TANGUY. Oui – enfin, ça, on le sentait depuis longtemps, Judith et moi – elle nous apprend rien.

JUDITH. Non.

TANGUY. On est ici à la jonction entre des forces cosmiques et des forces telluriques – et sûrement d’autres encore –, ça on le sentait, on n’est pas surpris de ça – ce qu’on ressent dans la cathédrale de Chartres, on le ressens également ici. Et il faut que la nature reprenne ici ses droits, donc. C’est ce qui est prévu en haut lieu.

JUDITH. Et il ne s’agit pas juste de ça, c’est un projet de beaucoup plus grande ampleur que ça.

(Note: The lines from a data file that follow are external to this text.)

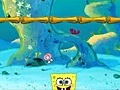 leikur Sponge Bob Squarepants Deep Sea Smashout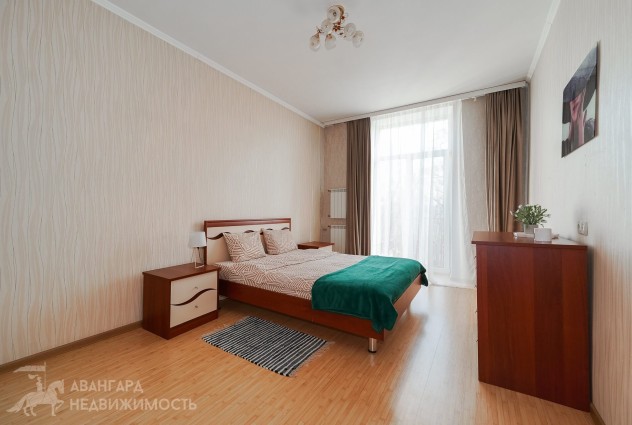 Фото Статусное жилье в «тихом центре» Минска — 13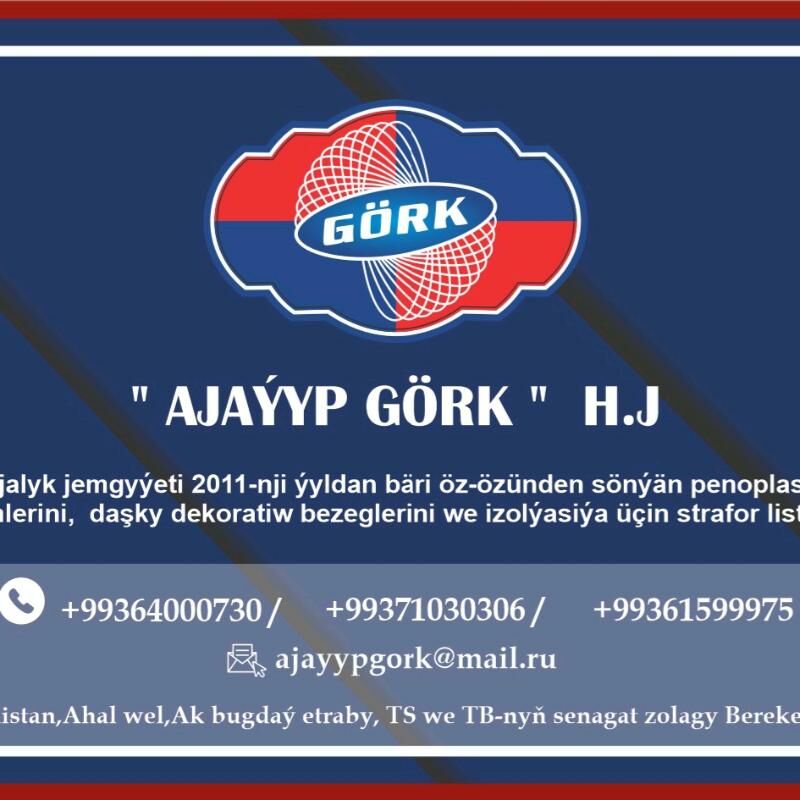 Penoplast-Strafor - Aşgabat - img 1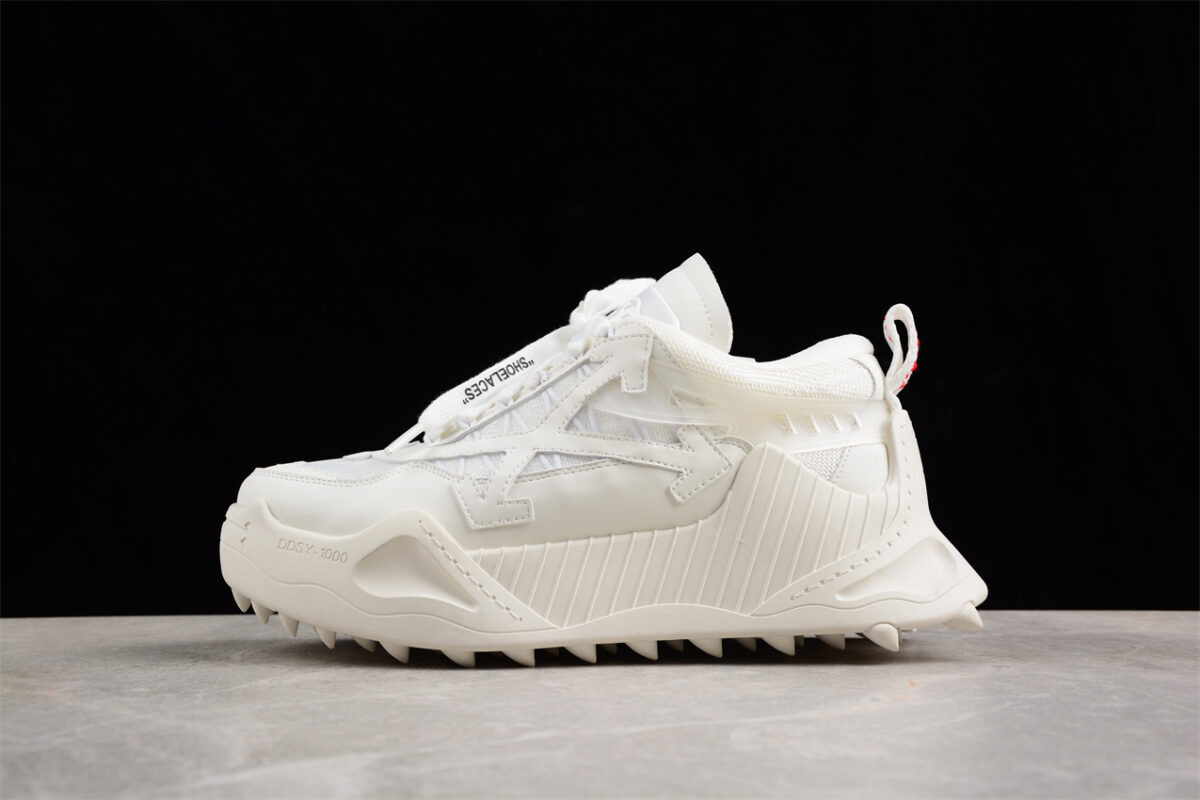 Off White Replica ODSY 1000 Triple White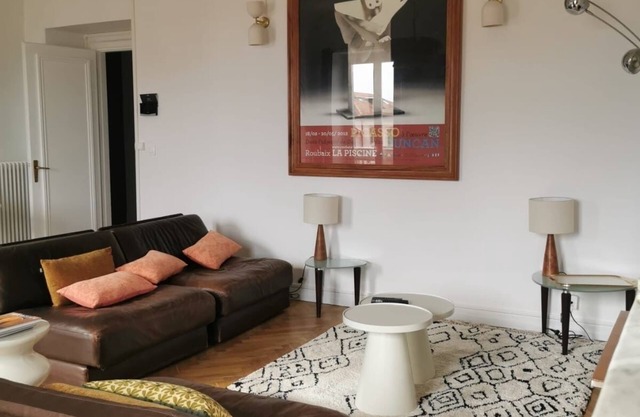 Merveilleux appartement Bord de mer Ospedaletti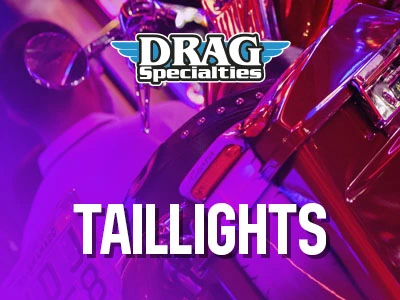 Drag Specialties - Taillights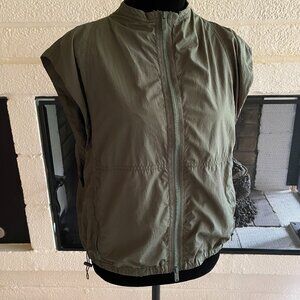 Free People Movement Dune Dash Running Windbreaker Small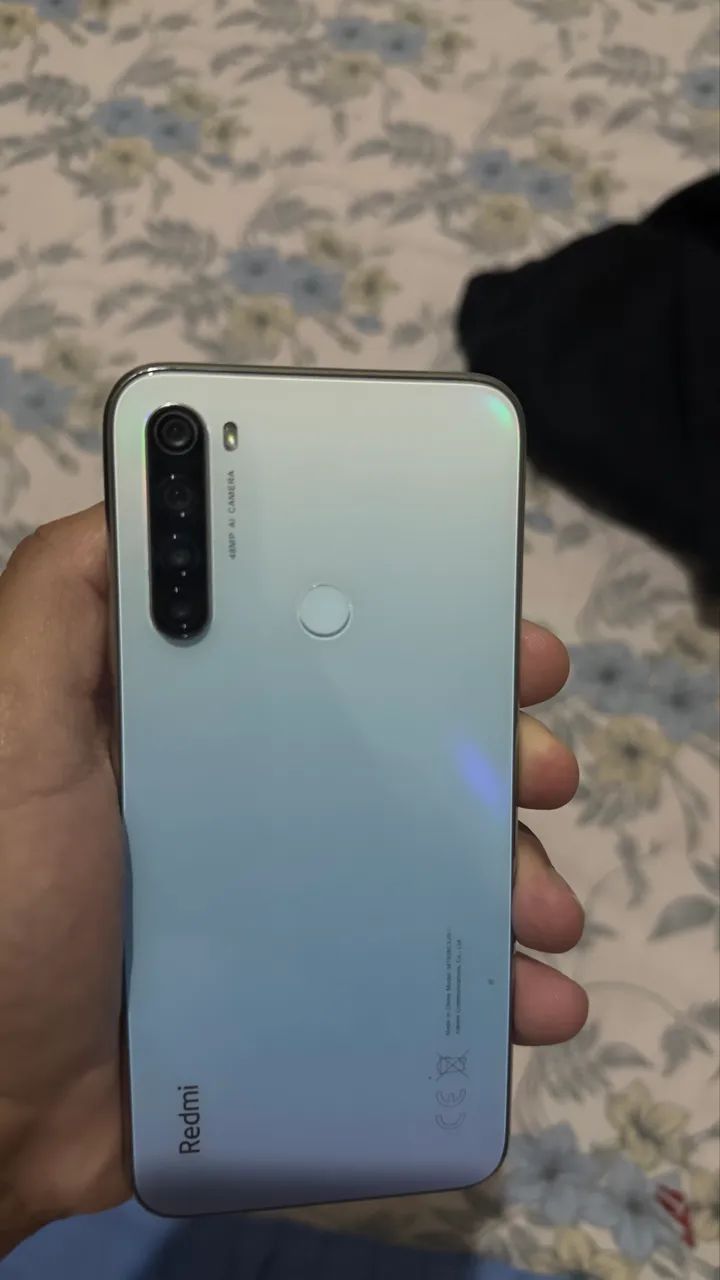 Redmi Note 8 - Foto 5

TANGUY. Oui, il s’agit pas juste de créer ici une réserve naturelle : lorsque la chose sera faite, lorsque la nature aura repris ici ses droits, alors toutes les espèces qui ont disparues de la planète, toutes ces espèces réapparaîtront, toutes – tu as bien entendu –, espèces animales et espèces végétales – toutes celles qui ont disparues à cause des activités humaines – pas les tyrannosaures. Donc notre survie, à nous êtres humains, redeviendra envisageable : voilà ce que m’a annoncé ma mère.

JUDITH. De toute façon, on allait certainement être obligés de te licencier, Hervé, tu le sais, on ne pouvait pas demeurer éternellement déficitaires.

 

[...]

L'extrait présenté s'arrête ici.